Definitely School of Explorer, but all its own watch :-!


----------



## miatast (Oct 15, 2014)

Corduroy_Pillows said:


> HMT Janata from hmtwatchesonline.com. Wanted to be guaranteed to get an original.
> 
> View attachment 1780858


Are those used watches? the one pictured looks so blemished


----------



## EL_GEEk (Jan 10, 2014)

It's finally here. One of my White whales. She is as pretty as I thought and more.

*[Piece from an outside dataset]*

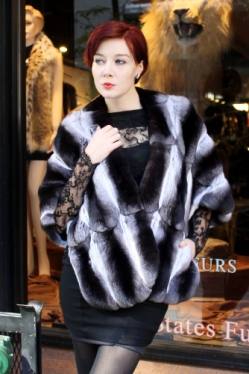 Black Velvet Chinchilla Fur Cape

The previous owner had replaced the original hands for these










Not being a fan of the look, I switched them back to the original.


----------



## efauser (Aug 11, 2014)




----------



## whatmeworry (Jul 31, 2009)

Der Amf said:


> Definitely School of Explorer, but all its own watch :-!


Aye, it's definitely a gentleman adventurer's timepiece


----------



## yankeexpress (Apr 7, 2013)

Another batch of half-price Fewsome custom quartz. See the Fewsome thread for a boatload of pictures of the color combinations

https://www.watchuseek.com/f71/anyo...fewsome-com-make-your-own-watch-675448-9.html


----------



## whatmeworry (Jul 31, 2009)

EL_GEEk said:


> It's finally here. One of my White whales. She is as pretty as I thought and more.
> 
> 
> 
> ...


To my eyes the original hands definitely work better


----------



## mrsgarkenzie (Oct 2, 2013)

Rudi K said:


> Just opened the post.... and here's a surprise! 70's vintage Kronatron Electra, Swiss-made hand wind. "Electronically Timed". Very kool looking blue dial, goes nice with this shirt. It's a keeper.


I LOVE IT.

WOWZA! Need some bigger photos though


----------



## Quicksilver (Jan 12, 2012)

EL_GEEk said:


> It's finally here. One of my White whales. She is as pretty as I thought and more.
> 
> 
> 
> ...


Congrats Geek. I agree on the hands. Nice pickup.


----------



## Deledda (Jun 15, 2014)

2 more straps








Leather 3 ring Zulu
And
Suigeneric


----------



## sinner777 (Jan 13, 2013)

yankeexpress said:


> This one is NOS along with the 104 I posted earlier from f/29 sales forum member in Croatia. He may have another.
> 
> https://www.watchuseek.com/f29/fs-c...r-mtd-1048-rare-discontinued-nib-1092945.html


sorry, this was the last one MTD1048..ever. MDV104 can be found but hardly.


----------



## SteamJ (Jun 30, 2013)

EL_GEEk said:


> It's finally here. One of my White whales. She is as pretty as I thought and more.
> 
> Not being a fan of the look, I switched them back to the original.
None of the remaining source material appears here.